A female photographer with an English language magazine was raped by five men in Mumbai, India, on Thursday evening, undercutting Mumbai's image as the rare Indian city where women can safely move about in public spaces.
The assault echoed the gang rape and murder of a woman in New Delhi in December that set off an unprecedented wave of protests.
The woman, 22, arrived at the abandoned, desolate compound of Shakti Mills, a defunct textile factory, around 6 p.m., accompanied by a male colleague. She was taking photographs of the area, now a trendy hub for media and advertising companies, for a magazine article about Mumbai's tenements for workers who were once employed in the mills.
Under Indian law, the authorities may not release the name of a rape victim or, in this case, the name of her employer.
The authorities said that five men accosted and assaulted the two journalists inside the compound.

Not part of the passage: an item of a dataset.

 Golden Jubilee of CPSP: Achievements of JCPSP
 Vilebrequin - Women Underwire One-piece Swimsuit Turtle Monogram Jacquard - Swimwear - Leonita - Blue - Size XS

The male journalist was tied up and beaten before the young woman was raped. Doctors said she had suffered external and internal injuries but that she was expected to recover.
On Friday morning, in an unusually rapid response, the Mumbai police arrested one of the five attackers, and the police said they had identified the others.
While Mumbai, India's financial capital, is widely considered one of the country's safest cities, recent events have brought that into question. According to statistics from the Praja Foundation, a nonprofit organization in Mumbai, 207 rape cases were registered in the city in 2011 and 2012, a 15 percent increase over 2010. The number of rapes reported in India is believed to be much lower than the actual number.